Il culmine di un periodo prolungato di tensioni, acuite con il concorso dell’abuso di alcol, tanto che solo una settimana prima la vittima dell’omicidio era stata denunciata ai carabinieri per maltrattamenti dalla sua stessa moglie. Inoltre, solo il giorno prima Singh jr era finito in ospedale per curare delle ferite superficiali dopo l’ennesima lite con il papà, definito come irriconoscibile quando era in preda ai fumi dell’alcol. Un diverbio sfociato in violenza che costituiva un’avvisaglia e che ha preceduto l’ultimo, e fatale, del giorno dopo.
A decidere la scarcerazione del giovane di nazionalità indiana ma cresciuto nell’Ovest Vicentino è stato il tribunale del Riesame, accogliendo il ricordo del legale che lo assiste. Caduta quindi la motivazione della pericolosità sociale o rischio di reiterazione del reato che avvallava la custodia in carcere, in attesa del processo. Secondo la versione resa nota alla stampa locale il ragazzo avrebbe così agito per difendere non solo se stesso ma anche la sorella minore e la mamma, a loro dire divenute oggetto di maltrattamenti in più occasioni.
Con il rischio crescente che le sfuriate del capofamiglia, operaio di 49 anni che al di fuori del contesto familiare non avrebbe mai dato segni di eccessi, si tramutassero in aggressioni violente. Tanto da presentarsi al comando di stazione dei carabinieri, come ha fatto la compagna e madre dei due figli, ai primi di agosto. Raoul avrebbe affrontato il papà alle 17 di quel maledetto giorno d’estate, colpendolo nel tentativo di disarmarlo per poi lasciarlo in una pozza di sangue, senza vita, vegliandolo in attesa dell’arrivo delle forze dell’ordine chiamate dalla mamma. Questo in sintesi il racconto di quei secondi concitati conclusi in tragedia. Gli investigatori vogliono chiarire innanzitutto chi tra padre e figlio fosse armato della lama quando il nuovo alterco finito nel sangue ha avuto inizio, punto cruciale della cruenta vicenda da accertare.
Ora il ragazzo 18enne, per quanto umanamente provato da questa indelebile vicenza e da tre settimane di detenzione nella prigione di San Pio X, torna in un’abitazione che ha facoltà di eleggere a proprio domicilio in attesa dei provvedimenti decisi dal Tribunale.
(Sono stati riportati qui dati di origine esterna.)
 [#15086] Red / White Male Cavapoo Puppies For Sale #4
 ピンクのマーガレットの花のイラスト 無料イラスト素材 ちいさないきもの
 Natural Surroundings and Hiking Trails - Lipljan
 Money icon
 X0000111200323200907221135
Rimane ovviamente indagato, con a suo carico un capo d’accusa infamante: omicidio volontario aggravato. La formula difensiva della legittima difesa, di se stesso e dei suoi cari, sarà sostenuta con forza nel processo penale che si celebrerà in un’aula di giustizia a Vicenza verosimilmente tra qualche mese.